Biographical Note/Historical Note
James Holt was born on 10 February 1804 in Halifax County, North Carolina, to Jesse and Elizabeth Davis Holt. He married Mary Pain in 1830. She died in 1845 and that same year he married Parthenia Overton. He became a member of the LDS Church in 1839 and moved to Nauvoo in 1840-1841. In 1845 he was chosen to join the James Emmett Company “to go to the Rocky Mountains, to preach to the Indians along the way, and prepare them to receive the Saints in the Valleys of the Mountains.” This company endured severe hardships and dissension arose among its members. The company broke up and many, including Holt, stayed in Iowa to farm. He left for Utah in 1852 settling first in Weber County and eventually in southern Utah, Mountain Meadows area, where he established a ranch and prospered. He died in 1894.
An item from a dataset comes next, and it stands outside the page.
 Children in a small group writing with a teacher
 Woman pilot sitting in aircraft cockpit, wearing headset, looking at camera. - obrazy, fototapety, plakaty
When I was about 8 years old, there was quite an exciting time in religion. Father used to take me to church on horseback behind him, and young as I was, my mind was greatly impressed in regard to religious matters. About this time I had a very remarkable dream.
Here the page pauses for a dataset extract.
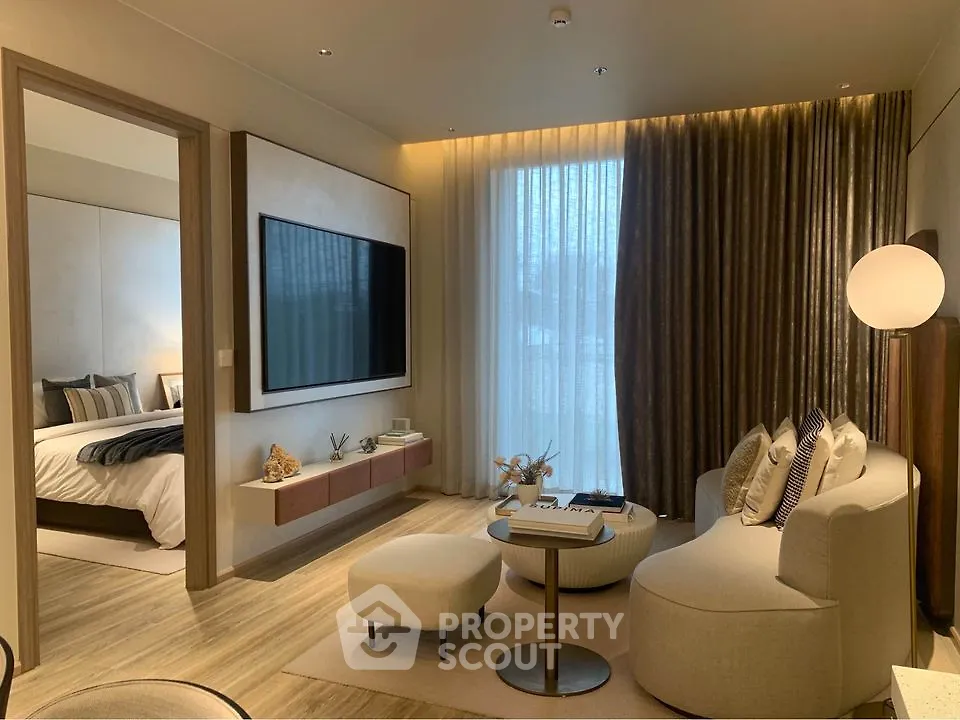 Modern living room with elegant decor and cozy bedroom view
I dreamed that my father sent me, in company with one of my brothers, to a neighbor’s about three miles distant, on some errand. It appeared that in going we had to travel through a dark and gloomy cave where there was neither light of sun, moon or stars. It appeared that all people traveled through this gloomy cave. After we had traveled in this awful gloom for some length of time, we emerged into the light of day, and great was the contrast. Upon the left I beheld a large building. When we came opposite this building, I saw a man come to the door who I thought was the keeper. He called to me saying “James Holt, you must come in here and be tried for your faith.” There was two or three steps to the building and I thought he took hold of my hand and led me up and into the building where I beheld a hook, somewhat similar to steelyards, suspended to a beam overhead. He said I was to be hanged upon that hook and if I had enough faith in God, I would not fall. But if I did not have faith in God, I would fall down in the dismal hall (pointing to a trap door in the floor) where there was weeping and wailing and gnashing of teeth. I looked where he pointed and I beheld people in the greatest confusion, some groaning, some shouting, and all in a great turmoil. One person stood up in their midst, saying, “All is well with us. We are all right. We need no more revelation. The canon of scripture is full. We will all be saved. We need not fear.”
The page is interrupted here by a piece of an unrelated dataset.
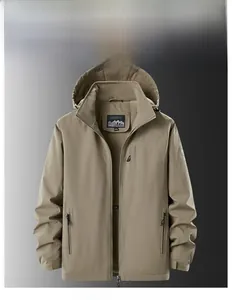 Detail of khaki outdoor jacket showing fleece lining and waterproof tactical pockets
After I beheld this, the keeper took me and hung me upon the hook by the back of my vest. It soon began to rip and I began to sink towards the pit, but I began to call upon the Lord to strengthen me and increase my faith. Suddenly, my vest ceased to tear and I hung by the seam of my collar. The keeper now took me down, saying, “Well done. You have got most faith enough to save you and that is all any man will have, no matter how great he may be. They will only have faith enough to be saved, so you can go your way rejoicing.”
Title: Holt, James
Dates: 1881 (inclusive)
Collection Number: UU_Ms0412
Summary: The James Holt Papers (1881) consist of a biographical sketch of Holt titled “Life of James Holt: Early Pioneer.” This is not a journal account, but rather Holt’s recollection of life events written in 1881 when he was 77 years of age. James Holt (1804-1894) was an early member of the LDS Church who settled in southern Utah.